INDAGATA ILDA BOCCASSINI A FIRENZE: AVREBBE TACIUTO SULLA FONTE IN MERITO AD UN COLLABORATORE DI GIUSTIZIA

L’ex magistrato di Milano Ilda Boccassini risulta indagata a Firenze per “false informazioni” davanti ai colleghi pm Luca Turco e Luca Tescaroli: come annunciato dall’ANSA stamane, la giudice in pensione ormai da 5 anni è stata raggiunto dalla notifica di indagine della Procura di Firenze per non aver rivelato una fonte nel corso di un colloquio formale del 2021 con i giudici che indagavano parallelamente sui mandanti delle stragi di mafia del 1993.



Sono gli stessi pm fiorentini ad aver notificato l’avviso di conclusione delle indagini (su Silvio Berlusconi e Marcello Dell’Utri) appena pochi giorni fa, facendo esplicito riferimento all’interrogatorio del dicembre 2021 quando l’ex pm Ilda Boccassini veniva sentita assieme ai colleghi di Caltanissetta per raccontare le informazioni in possesso sulle stragi mafiose un anno dopo gli omicidi Falcone e Borsellino.

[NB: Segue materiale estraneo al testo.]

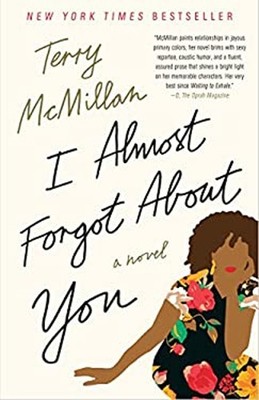 I Almost Forgot about You : A Novel Paperback Terry McMillan
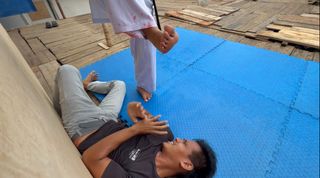 Chintya Candranaya feet photo 16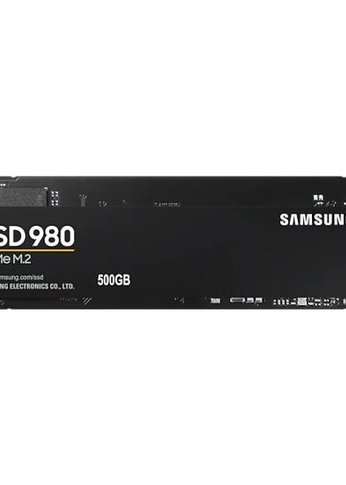 Накопитель SSD 500Gb Samsung PCI-E 3.0 x4 M.2 2280 MZ-V8V500BW 980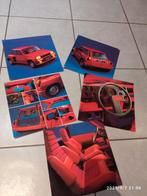 Renault 5 Turbo brochures, Auto diversen, Handleidingen en Instructieboekjes, Ophalen of Verzenden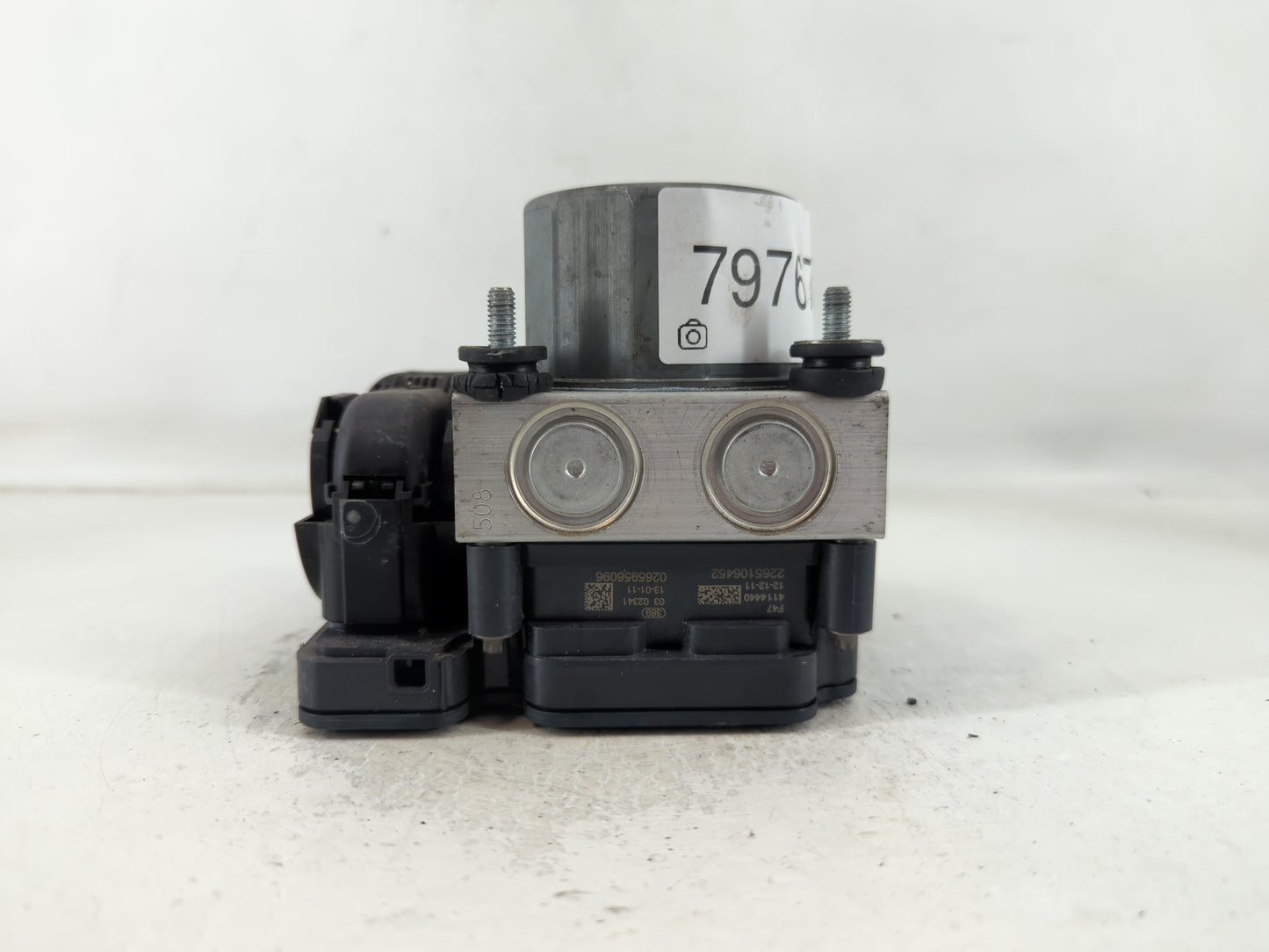 2013-2015 Nissan Altima ABS Pump Control Module Replacement P/N:47660 3TA0A Fits Fits 2013 2014 2015 OEM Used Auto Parts - O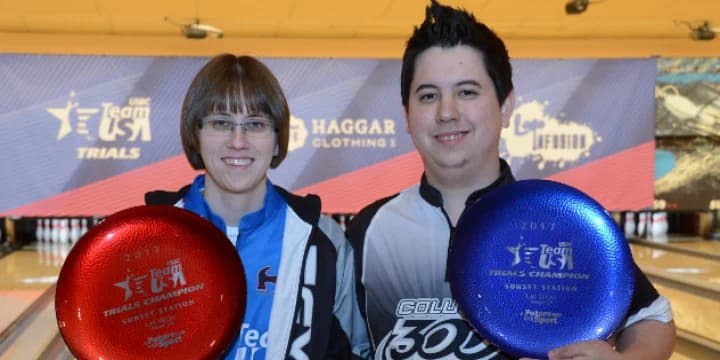 Jakob Butturff, Erin McCarthy win 2017 Team USA Trials; Matt Russo, Julia Bond take U.S. Amateur titles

Secondo l’accusa (già anticipata negli scorsi giorni dal “Fatto Quotidiano”) Boccassini non avrebbe rivelato il nome e le informazioni della fonte riguardante le dichiarazioni di un pentito di mafia sull’ex Presidente Silvio Berlusconi.



BOCCASSINI INDAGATA “PER” BERLUSCONI: COS’È SUCCESSO

“False informazioni davanti ai pm”: una colpa e un reato non da poco per un ex magistrato tra i più famosi nella Procura di Milano proprio per le sue lunghe inchieste contro, tra gli altri, l’ex fondatore di Forza Italia. Secondo quanto svelato dall’ANSA e da TgCom24, Boccassini avrebbe taciuto ai pm fiorentini sull’autore della fonte che nel lontano marzo 1994 diede informazioni segrete ai cronisti di “La Repubblica” dell’epoca, Attilio Bolzoni e Giuseppe D’Avanzo. In quella “imbeccata”, tale “fonte” rivelava il contenuto di un verbale su «Dell’Utri emissario dei clan mafiosi» che in realtà sarebbe stato chiuso nella cassaforte della pm Boccassini, firmato dal collaboratore di giustizia Salvatore Cancemi (all’epoca dei fatti reggente del mandamento di Porta Nuova).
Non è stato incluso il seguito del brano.